Damit wird nur die Drehzahl aufs Mainboard übertragen.


----------



## gaussmath (2. September 2018)

Ok, und was kann ich nun tun, um die Drehzahl der Pumpe zu steuern?


----------



## Abductee (2. September 2018)

Ohne die Software bleibt dir da nur der Lötkolben.

Ich würd mir so eine günstige kurze Verlängerung kaufen und einen Widerstand auf der 12V-Leitung einlöten.
DeLock Kabel Power SATA 15 Pin Stecker > SATA 15 Pin: Amazon.de: Computer & Zubehoer

Corsair hat bewusst einen SATA-Stromstecker gewählt da es in der Vergangenheit zu Problemen gekommen ist weil die Pumpe durch den CPU_Fan (versehentlich) gedrosselt wurde.


----------



## Narbennarr (3. September 2018)

Oder man adaptiert SATA auf Molex und Molex dann auf 3 Pin...ob das aber für Board oder Pumpe so gut ist...ka  Die Corsair soll sich halt nicht tiefer regeln lassen...


----------



## gaussmath (3. September 2018)

Hmmm, gibt's denn keinen SATA Power zu SATA Power Adapter, mit dem man die Spannung regulieren kann? Es muss doch irgendwas geben?!

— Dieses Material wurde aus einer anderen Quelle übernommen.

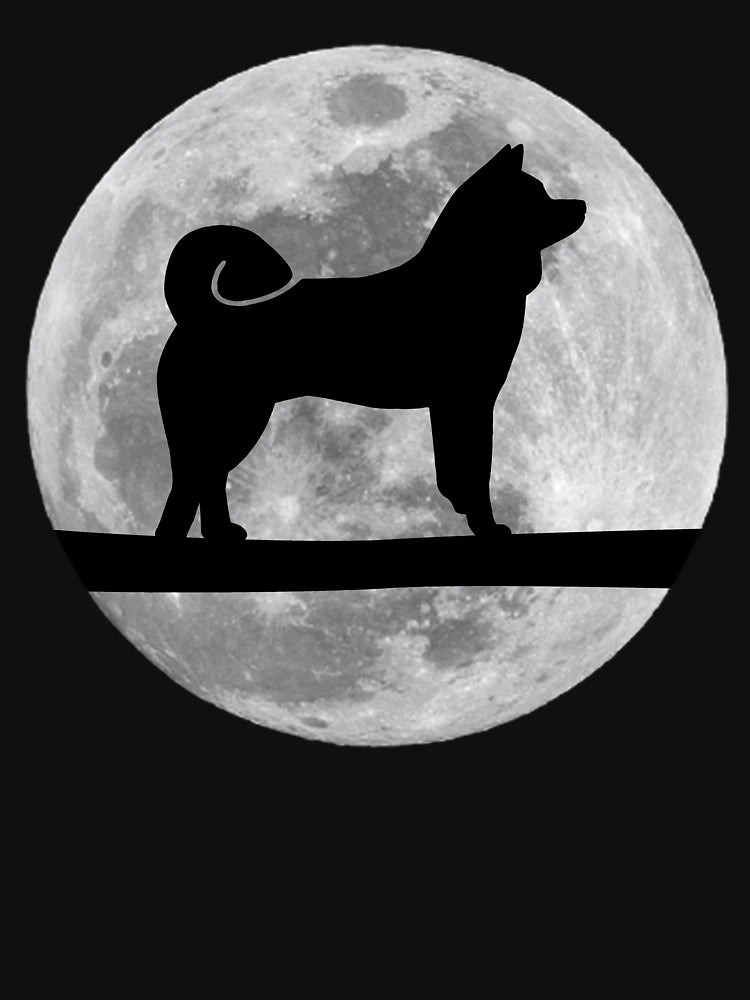 Akita Dog Night Moon akita inu Lover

@Narbennarr: Molex auf 3 Pin hatte ich nicht gefunden. Hattest du was entdeckt?


----------



## Abductee (3. September 2018)

Mir fällt grad noch was anderes auf. Wenn du auf dem SATA-Stecker die Spannung reduzierst, beeinflusst das ja auch die Lüfter die angehängt sind.
Du müsstest die Lüfter dann übers Mainboard regeln.


----------



## Narbennarr (3. September 2018)

gaussmath schrieb:


> Hmmm, gibt's denn keinen SATA Power zu SATA Power Adapter, mit dem man die Spannung regulieren kann? Es muss doch irgendwas geben?!
> 
> @Narbennarr: Molex auf 3 Pin hatte ich nicht gefunden. Hattest du was entdeckt?



Adapter 3Pin auf 4Pin Molex: Amazon.de: Computer & Zubehoer


----------



## gaussmath (3. September 2018)

Krass, die Corsair ML Series ML140 PRO RGB Lüfter sind wirklich unhörbar und sehen sehr schick aus.


----------



## Tukuman (5. September 2018)

Die Phanteks Halos sind auch nicht übel, wenn man schon Lüfter hat und RGB will, waren bei meinem neuen Gehäuse dabei, war so nen Gehäuse-Set Angebot, die Teile kannte ich vorher gar nicht
PHANTEKS Halos 140mm-Rahmen, RGB-LED - schwarz


----------



## gaussmath (30. September 2018)

Ich wollte nochmal kurz berichten, dass die AIO sich scheinbar nun "eingelaufen" hat. Auf jeden Fall ist die Lautstärke der Pumpe nun kaum wahrnehmbar. Die unangenehme Frequenz war nach ein paar Tagen weg. Keine Ahnung, ob das normal ist, aber nach dem aktuellen Stand brauche ich dann halt nicht zu basteln.


----------